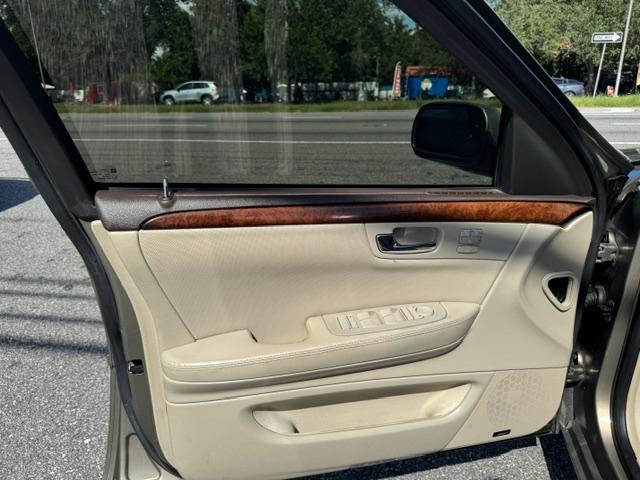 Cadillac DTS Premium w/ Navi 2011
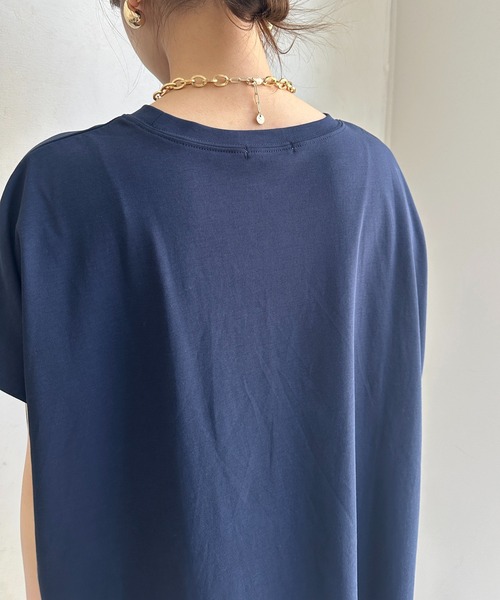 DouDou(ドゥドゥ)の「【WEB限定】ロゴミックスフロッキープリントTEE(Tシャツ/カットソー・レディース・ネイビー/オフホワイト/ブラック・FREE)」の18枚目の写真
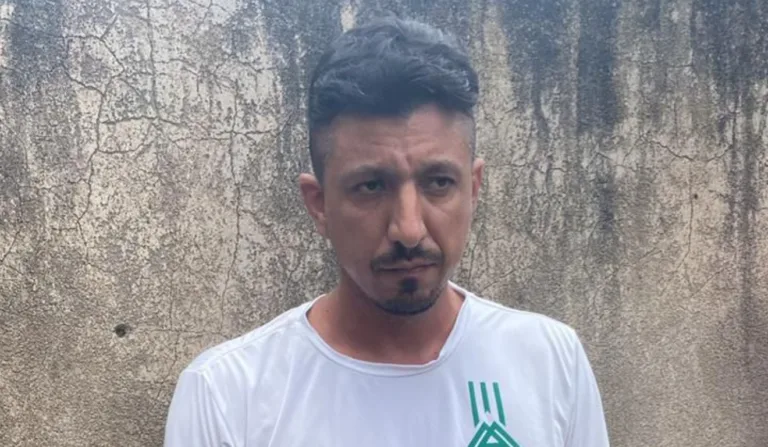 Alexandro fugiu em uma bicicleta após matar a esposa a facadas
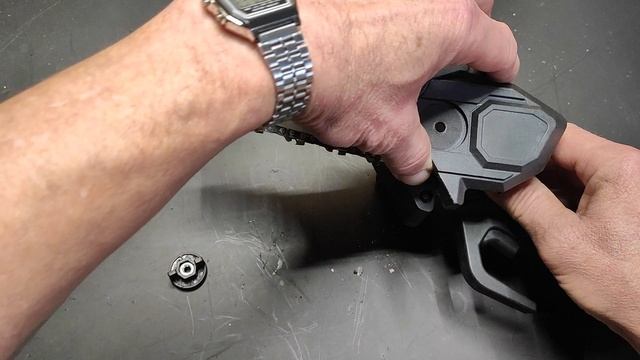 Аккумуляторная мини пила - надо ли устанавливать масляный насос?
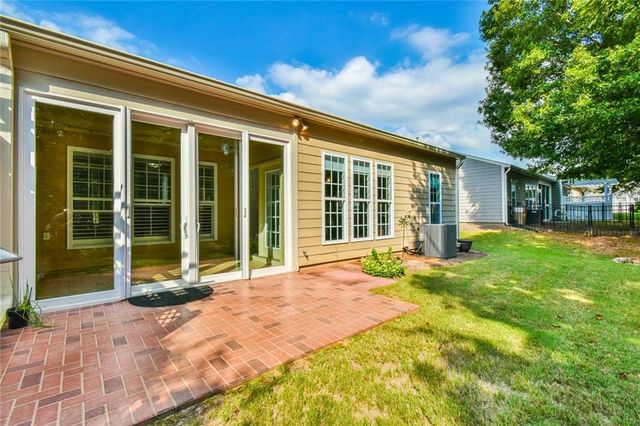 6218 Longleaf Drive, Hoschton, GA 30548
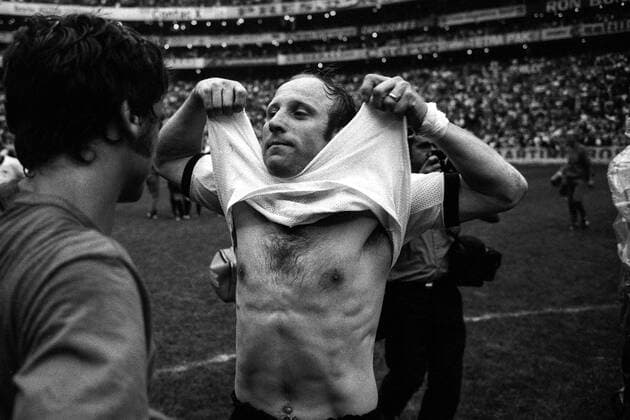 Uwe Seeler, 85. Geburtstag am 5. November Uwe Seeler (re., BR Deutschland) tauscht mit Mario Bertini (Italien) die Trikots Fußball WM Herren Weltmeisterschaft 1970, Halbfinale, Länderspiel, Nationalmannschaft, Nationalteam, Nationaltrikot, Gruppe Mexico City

## Work item
Range to copy from the listing above: the line containing "DouDou(ドゥドゥ)の「" down to the line containing "6218 Longleaf Drive, Hoschton, GA 30548", both included. Reproduce it exactly, minus the pictures, and add nothing.

## Answer section
 DouDou(ドゥドゥ)の「【WEB限定】ロゴミックスフロッキープリントTEE(Tシャツ/カットソー・レディース・ネイビー/オフホワイト/ブラック・FREE)」の18枚目の写真
 Alexandro fugiu em uma bicicleta após matar a esposa a facadas
 Аккумуляторная мини пила - надо ли устанавливать масляный насос?
 6218 Longleaf Drive, Hoschton, GA 30548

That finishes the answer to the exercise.